→ WHAT YOU HAVE TO DO
Only one part of the listing is needed: the lines from the one with "32 Hakeke Street, Whanganui East, Whanganui" through the last line, copied exactly and free of pictures.

→ DATASET SECTION
---

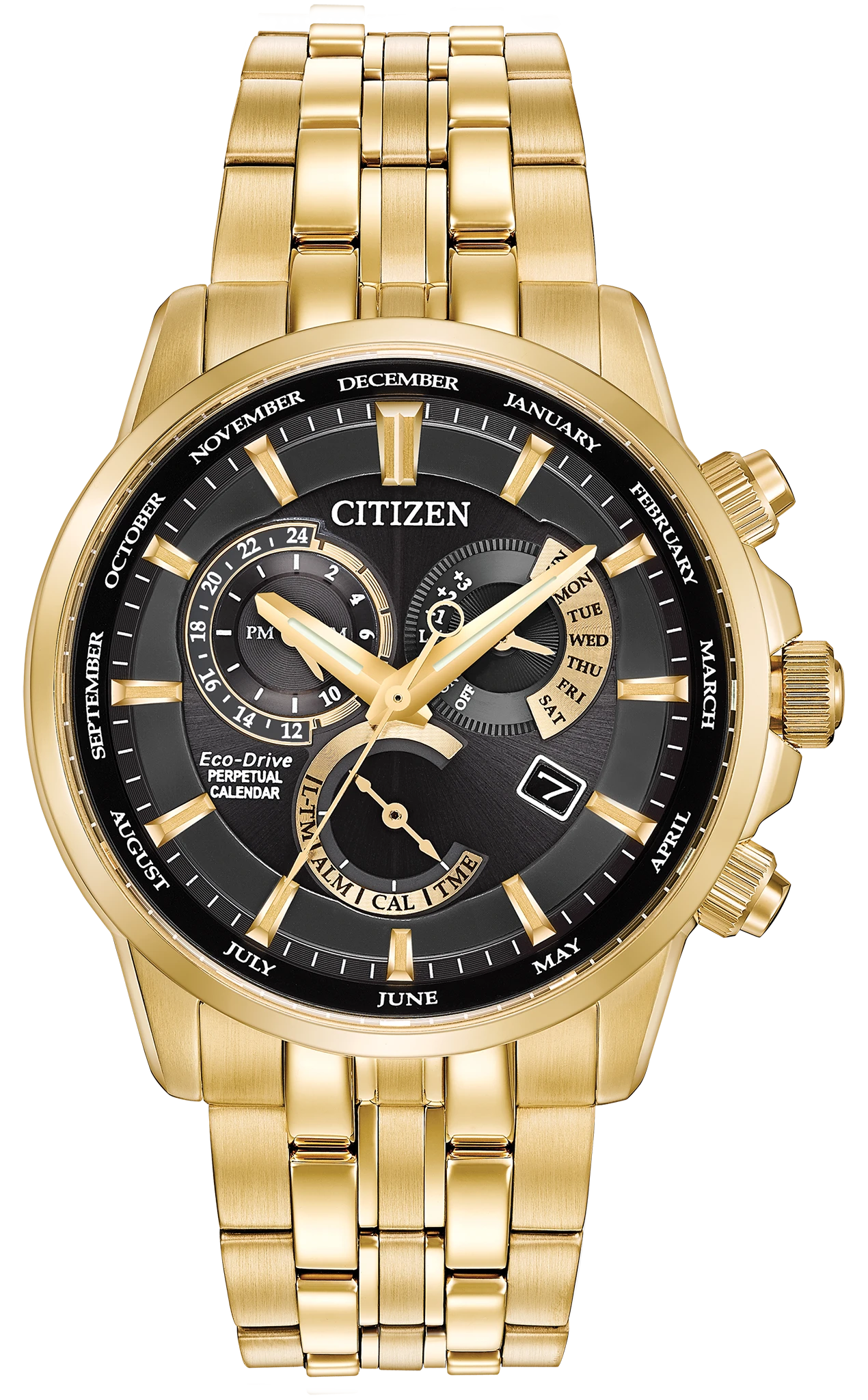 Corso image number 0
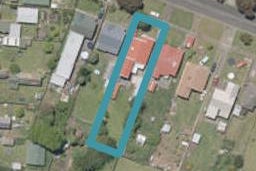 32 Hakeke Street, Whanganui East, Whanganui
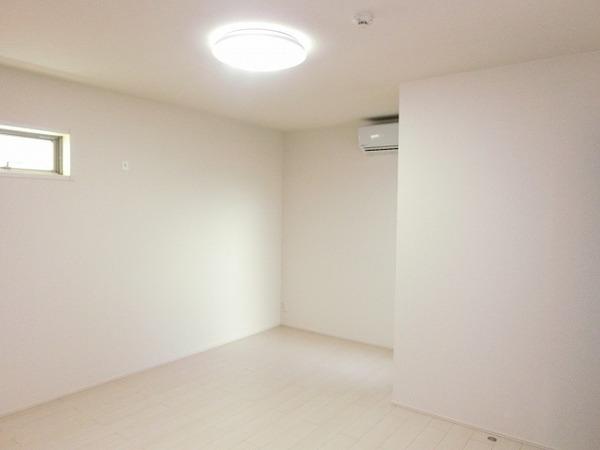 フジパレス堺南長尾１番館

---

→ WRITTEN RESPONSE
 32 Hakeke Street, Whanganui East, Whanganui
 フジパレス堺南長尾１番館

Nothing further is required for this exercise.